The preceding provisions shall not, however, in any way impair the right of a State to enforce such laws as it deems necessary to control the use of property in accordance with the general interest or to secure the payment of taxes or other contributions or penalties.”
A. Admissibility
40. The Government submitted that this complaint should be rejected for non-exhaustion of domestic remedies, as the applicant had failed to bring compensation proceedings before the domestic courts pursuant to Article 12 of the Administrative Procedure Code and Article 125 of the Constitution.
41. The Court reiterates that an applicant must have made normal use of domestic remedies which are likely to be effective and sufficient and that, when a remedy has been pursued, use of another remedy which has essentially the same objective is not required (see Kozacıoğlu v. Turkey [GC], no. 2334/03, § 40, 19 February 2009). In the present case, the applicant sought the enforcement of the court decisions, but no action was taken by the administrative authorities, which were constitutionally bound to take all necessary measures to restore the de facto and de jure situation that was likely to have prevailed had Demirbank not been unlawfully transferred to the Fund. In these circumstances, the applicant could not have been expected to bring further actions against the State. The Court therefore concludes that the applicant has complied with the requirement of exhaustion of domestic remedies. It consequently rejects the Government’s objection in this respect (see, Reisner, cited above, § 41).
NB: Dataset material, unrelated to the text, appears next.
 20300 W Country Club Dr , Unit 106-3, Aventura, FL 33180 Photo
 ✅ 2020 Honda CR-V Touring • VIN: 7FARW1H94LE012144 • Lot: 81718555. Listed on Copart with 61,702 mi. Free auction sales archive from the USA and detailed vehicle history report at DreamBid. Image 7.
42. The Court notes that this complaint is not manifestly ill-founded within the meaning of Article 35 § 3 (a) of the Convention. It further notes that it is not inadmissible on any other grounds. It must therefore be declared admissible.
B. Merits
43. The applicant complained that he had been deprived of his shares in Demirbank as a result of the illegal actions of the State and that he had not been compensated for his loss.
44. The Government firstly argued that the applicant, as a minor shareholder, had not had any “possession” within the meaning of Article 1 of Protocol No. 1. They further maintained that it had been impossible de jure and de facto to enforce the court decision in question, because Demirbank had been struck off the commercial register and its legal personality had therefore ceased to exist. They also submitted that it had been impossible to revive Demirbank or the shares, as the authorities had had no authority to do so.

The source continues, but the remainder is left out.